Many people have leases coming to termination this time of year. I have heard from many of my listeners recently wanting advice on what to get for their next vehicle. Several times lately, when I ask them what they plan to do with their current vehicle, the reply was something to the effect of “just turning it in and walking away.” None of them had done any homework to see if they actually had equity.
In fact, for years, people who leased over and over just turned their leased vehicles in without even checking the value. Everybody in the industry knew there was no need; the value was ALWAYS less than the residual value with rare exception, but all that has changed now and I am seeing more and more people who have money left over and don’t realize it.
Two factors have contributed to this new phenomenon of lease-end equity. First, vehicles coming off lease today had realistic residual values when the lease was started. For years, many manufacturers inflated residual values to make payments lower, but that came back to bite them and they stopped this practice. Secondly, the sky-high used car values I have been telling you about are aiding in helping people pocket cash at the end of their lease.
Looking to the future, I see the used car shortage and high values to continue for at least another year. Lower new vehicle sales mean fewer trade-ins in the future. This creates a shortage of used cars and makes values remain at peaks. Most of the vehicles being traded today were bought in the 2008 to 2009 timeframe, both low volume years for the auto industry.
One thing is for sure, lease companies today want you to turn in your vehicle at the end of your lease. There is nothing they would love more than to take it to auction and pocket your equity. This is a reversal of epic proportion. Just a year or so ago, they were enticing you to purchase your lease car with low interest rates and other offers. At that time, they did not want your lease car back, knowing they had a deep loss coming.
In addition to looking closely at your current lease if you are in one, bear in mind that if there is equity, that money is yours. You can even take it in cash to help with some other bills you might have, or use it toward your next lease or purchase.
I would tell you too that if you are in the market, and are not a high mileage driver, you should look hard at leasing in this climate. After hitting a six-year low in 2009, leasing has gained momentum each year since then. Right now, leasing stands at around 30% of the new vehicles sold in 2011.
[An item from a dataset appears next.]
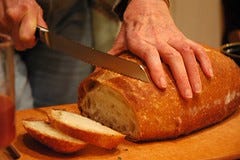 Cutting warm bread, at Q's party, Broadview Ne...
Just about all the automakers have lease specials right now that are intended to lower lease payments. Even the domestic car companies are getting back into it. These incentives will give you a lower lease payment or allow you to get a nicer car than previously thought. Plus you only pay for the best part of the vehicle; its first three years and you avoid a lot of the maintenance costs you have to absorb when you buy.
With the exception of people who drive more than 15,000 miles per year, I think smart money today is on leasing.